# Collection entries
▬▬▬▬▬▬▬▬▬▬
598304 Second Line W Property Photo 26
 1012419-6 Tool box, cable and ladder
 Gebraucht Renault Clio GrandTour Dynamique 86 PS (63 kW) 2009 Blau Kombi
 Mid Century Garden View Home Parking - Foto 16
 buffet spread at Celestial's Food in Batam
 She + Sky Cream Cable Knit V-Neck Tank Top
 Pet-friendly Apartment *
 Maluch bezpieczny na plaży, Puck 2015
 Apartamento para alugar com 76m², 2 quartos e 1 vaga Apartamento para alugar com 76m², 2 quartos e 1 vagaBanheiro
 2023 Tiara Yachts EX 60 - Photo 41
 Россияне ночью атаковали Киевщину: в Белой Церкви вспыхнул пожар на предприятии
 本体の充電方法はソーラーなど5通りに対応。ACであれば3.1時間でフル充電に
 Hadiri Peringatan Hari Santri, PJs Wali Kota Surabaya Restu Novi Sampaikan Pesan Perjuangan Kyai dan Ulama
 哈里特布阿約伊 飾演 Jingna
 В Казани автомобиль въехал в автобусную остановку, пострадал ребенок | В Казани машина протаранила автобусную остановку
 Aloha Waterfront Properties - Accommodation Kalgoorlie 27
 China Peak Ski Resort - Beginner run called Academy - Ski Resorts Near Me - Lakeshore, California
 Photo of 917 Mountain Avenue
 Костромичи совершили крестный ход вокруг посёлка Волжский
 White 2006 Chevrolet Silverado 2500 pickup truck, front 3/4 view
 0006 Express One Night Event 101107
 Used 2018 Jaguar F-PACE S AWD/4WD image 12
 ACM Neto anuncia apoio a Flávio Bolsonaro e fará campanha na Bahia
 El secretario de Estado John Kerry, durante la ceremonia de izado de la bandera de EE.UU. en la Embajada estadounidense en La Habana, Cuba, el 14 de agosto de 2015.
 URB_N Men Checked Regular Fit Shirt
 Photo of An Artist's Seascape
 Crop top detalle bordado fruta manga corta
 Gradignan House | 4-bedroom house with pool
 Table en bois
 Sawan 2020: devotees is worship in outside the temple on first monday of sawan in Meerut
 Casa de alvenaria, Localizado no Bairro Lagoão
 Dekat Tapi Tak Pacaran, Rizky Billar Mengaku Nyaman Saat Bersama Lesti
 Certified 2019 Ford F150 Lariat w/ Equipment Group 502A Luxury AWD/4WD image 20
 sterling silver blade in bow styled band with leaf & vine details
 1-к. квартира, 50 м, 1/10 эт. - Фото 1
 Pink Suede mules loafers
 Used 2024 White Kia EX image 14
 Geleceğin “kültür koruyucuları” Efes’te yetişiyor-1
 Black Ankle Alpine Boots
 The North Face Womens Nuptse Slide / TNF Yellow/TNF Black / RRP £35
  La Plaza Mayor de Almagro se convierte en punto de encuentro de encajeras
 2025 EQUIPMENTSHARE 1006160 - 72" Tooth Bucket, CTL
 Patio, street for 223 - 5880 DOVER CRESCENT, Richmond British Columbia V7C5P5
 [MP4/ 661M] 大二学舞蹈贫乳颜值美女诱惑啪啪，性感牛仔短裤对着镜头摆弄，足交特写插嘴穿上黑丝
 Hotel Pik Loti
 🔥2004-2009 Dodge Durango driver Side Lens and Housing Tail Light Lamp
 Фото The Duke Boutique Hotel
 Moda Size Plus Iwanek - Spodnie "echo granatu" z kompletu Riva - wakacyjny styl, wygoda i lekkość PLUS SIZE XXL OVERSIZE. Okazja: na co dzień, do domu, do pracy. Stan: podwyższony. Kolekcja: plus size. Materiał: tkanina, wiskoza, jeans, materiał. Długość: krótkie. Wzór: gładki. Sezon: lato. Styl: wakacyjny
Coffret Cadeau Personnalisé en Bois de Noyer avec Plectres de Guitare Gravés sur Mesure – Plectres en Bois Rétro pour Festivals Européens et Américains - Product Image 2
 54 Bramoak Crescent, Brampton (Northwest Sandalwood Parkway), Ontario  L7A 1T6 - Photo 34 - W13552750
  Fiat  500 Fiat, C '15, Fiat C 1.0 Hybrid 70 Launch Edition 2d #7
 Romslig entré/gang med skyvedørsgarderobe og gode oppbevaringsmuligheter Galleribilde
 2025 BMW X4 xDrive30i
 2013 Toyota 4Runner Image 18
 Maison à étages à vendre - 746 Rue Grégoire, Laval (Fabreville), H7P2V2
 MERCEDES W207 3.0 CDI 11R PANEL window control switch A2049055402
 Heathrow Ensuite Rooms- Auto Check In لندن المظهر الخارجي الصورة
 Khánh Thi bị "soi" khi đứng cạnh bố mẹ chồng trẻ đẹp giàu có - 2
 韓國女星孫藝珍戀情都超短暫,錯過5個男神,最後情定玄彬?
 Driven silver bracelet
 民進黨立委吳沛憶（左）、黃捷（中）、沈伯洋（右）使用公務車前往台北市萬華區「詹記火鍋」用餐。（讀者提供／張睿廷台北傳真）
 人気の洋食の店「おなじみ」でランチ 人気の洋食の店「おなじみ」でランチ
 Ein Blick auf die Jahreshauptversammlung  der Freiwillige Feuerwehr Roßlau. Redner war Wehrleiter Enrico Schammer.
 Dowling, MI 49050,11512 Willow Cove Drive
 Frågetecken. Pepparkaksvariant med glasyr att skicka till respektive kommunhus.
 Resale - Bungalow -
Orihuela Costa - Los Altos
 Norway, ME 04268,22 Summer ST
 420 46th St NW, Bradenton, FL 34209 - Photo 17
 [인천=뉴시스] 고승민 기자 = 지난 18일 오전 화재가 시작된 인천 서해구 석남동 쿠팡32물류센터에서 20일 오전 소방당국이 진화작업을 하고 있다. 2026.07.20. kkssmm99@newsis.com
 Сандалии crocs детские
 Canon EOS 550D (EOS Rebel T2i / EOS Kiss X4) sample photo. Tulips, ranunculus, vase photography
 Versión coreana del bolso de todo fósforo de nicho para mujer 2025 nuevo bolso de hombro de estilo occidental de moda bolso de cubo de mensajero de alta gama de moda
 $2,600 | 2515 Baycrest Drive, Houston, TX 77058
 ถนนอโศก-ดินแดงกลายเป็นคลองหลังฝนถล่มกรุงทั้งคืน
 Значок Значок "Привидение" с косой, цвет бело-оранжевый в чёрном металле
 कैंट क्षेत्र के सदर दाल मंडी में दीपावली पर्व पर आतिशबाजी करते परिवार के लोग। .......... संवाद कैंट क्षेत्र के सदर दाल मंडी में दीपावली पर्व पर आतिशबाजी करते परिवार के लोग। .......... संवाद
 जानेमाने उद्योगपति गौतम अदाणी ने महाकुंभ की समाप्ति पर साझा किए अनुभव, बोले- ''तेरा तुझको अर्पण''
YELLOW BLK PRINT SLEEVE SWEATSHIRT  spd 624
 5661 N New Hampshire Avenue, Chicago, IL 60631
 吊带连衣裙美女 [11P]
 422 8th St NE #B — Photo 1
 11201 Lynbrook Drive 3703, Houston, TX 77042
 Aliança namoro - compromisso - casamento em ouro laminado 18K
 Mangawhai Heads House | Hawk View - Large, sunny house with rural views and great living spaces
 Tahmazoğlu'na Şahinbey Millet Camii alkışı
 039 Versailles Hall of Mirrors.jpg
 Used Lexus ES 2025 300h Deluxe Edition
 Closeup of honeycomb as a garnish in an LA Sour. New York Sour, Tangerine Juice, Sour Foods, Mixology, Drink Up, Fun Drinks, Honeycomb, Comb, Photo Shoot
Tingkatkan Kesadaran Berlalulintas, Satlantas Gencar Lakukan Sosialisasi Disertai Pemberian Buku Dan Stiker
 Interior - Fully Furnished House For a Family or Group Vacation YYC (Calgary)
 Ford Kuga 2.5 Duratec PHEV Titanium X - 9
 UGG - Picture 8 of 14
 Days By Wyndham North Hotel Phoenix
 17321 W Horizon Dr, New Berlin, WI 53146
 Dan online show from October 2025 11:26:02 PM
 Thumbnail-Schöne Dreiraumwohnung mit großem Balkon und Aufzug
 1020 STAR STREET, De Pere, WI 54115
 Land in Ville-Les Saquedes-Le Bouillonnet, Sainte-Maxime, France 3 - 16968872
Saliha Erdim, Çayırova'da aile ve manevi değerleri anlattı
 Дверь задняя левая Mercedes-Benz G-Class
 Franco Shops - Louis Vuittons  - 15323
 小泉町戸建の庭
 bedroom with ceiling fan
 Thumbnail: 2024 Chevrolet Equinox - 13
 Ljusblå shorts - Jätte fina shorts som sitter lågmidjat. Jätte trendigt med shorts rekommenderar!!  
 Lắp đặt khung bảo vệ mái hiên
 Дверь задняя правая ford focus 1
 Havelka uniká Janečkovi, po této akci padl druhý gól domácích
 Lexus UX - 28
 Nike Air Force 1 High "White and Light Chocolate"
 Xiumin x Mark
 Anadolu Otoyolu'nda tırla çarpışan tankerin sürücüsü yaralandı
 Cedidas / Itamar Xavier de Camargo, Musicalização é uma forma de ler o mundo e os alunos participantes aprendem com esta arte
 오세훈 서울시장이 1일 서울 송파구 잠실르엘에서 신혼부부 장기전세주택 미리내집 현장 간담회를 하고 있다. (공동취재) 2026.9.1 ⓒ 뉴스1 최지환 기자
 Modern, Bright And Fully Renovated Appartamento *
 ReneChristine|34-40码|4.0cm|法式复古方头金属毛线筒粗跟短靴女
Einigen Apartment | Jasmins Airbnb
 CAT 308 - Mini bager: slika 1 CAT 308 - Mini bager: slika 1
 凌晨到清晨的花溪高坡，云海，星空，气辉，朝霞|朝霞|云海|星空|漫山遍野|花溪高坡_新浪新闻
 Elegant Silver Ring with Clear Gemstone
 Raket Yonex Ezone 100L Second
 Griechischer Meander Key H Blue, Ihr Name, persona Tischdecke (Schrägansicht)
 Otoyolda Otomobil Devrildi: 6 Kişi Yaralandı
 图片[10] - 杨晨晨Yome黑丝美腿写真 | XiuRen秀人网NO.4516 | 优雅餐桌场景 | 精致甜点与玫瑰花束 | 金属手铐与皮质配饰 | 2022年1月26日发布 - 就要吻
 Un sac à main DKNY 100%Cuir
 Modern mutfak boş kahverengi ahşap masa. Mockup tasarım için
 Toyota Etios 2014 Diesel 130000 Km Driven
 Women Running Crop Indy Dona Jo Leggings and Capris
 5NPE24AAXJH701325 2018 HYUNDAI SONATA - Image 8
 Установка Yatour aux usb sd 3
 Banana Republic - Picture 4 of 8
▬▬▬▬▬▬▬▬▬▬
# What you have to do
Return, line for line and unchanged, the data from its first line through the line containing "Aloha Waterfront Properties".

# Result
598304 Second Line W Property Photo 26
 1012419-6 Tool box, cable and ladder
 Gebraucht Renault Clio GrandTour Dynamique 86 PS (63 kW) 2009 Blau Kombi
 Mid Century Garden View Home Parking - Foto 16
 buffet spread at Celestial's Food in Batam
 She + Sky Cream Cable Knit V-Neck Tank Top
 Pet-friendly Apartment *
 Maluch bezpieczny na plaży, Puck 2015
 Apartamento para alugar com 76m², 2 quartos e 1 vaga Apartamento para alugar com 76m², 2 quartos e 1 vagaBanheiro
 2023 Tiara Yachts EX 60 - Photo 41
 Россияне ночью атаковали Киевщину: в Белой Церкви вспыхнул пожар на предприятии
 本体の充電方法はソーラーなど5通りに対応。ACであれば3.1時間でフル充電に
 Hadiri Peringatan Hari Santri, PJs Wali Kota Surabaya Restu Novi Sampaikan Pesan Perjuangan Kyai dan Ulama
 哈里特布阿約伊 飾演 Jingna
 В Казани автомобиль въехал в автобусную остановку, пострадал ребенок | В Казани машина протаранила автобусную остановку
 Aloha Waterfront Properties - Accommodation Kalgoorlie 27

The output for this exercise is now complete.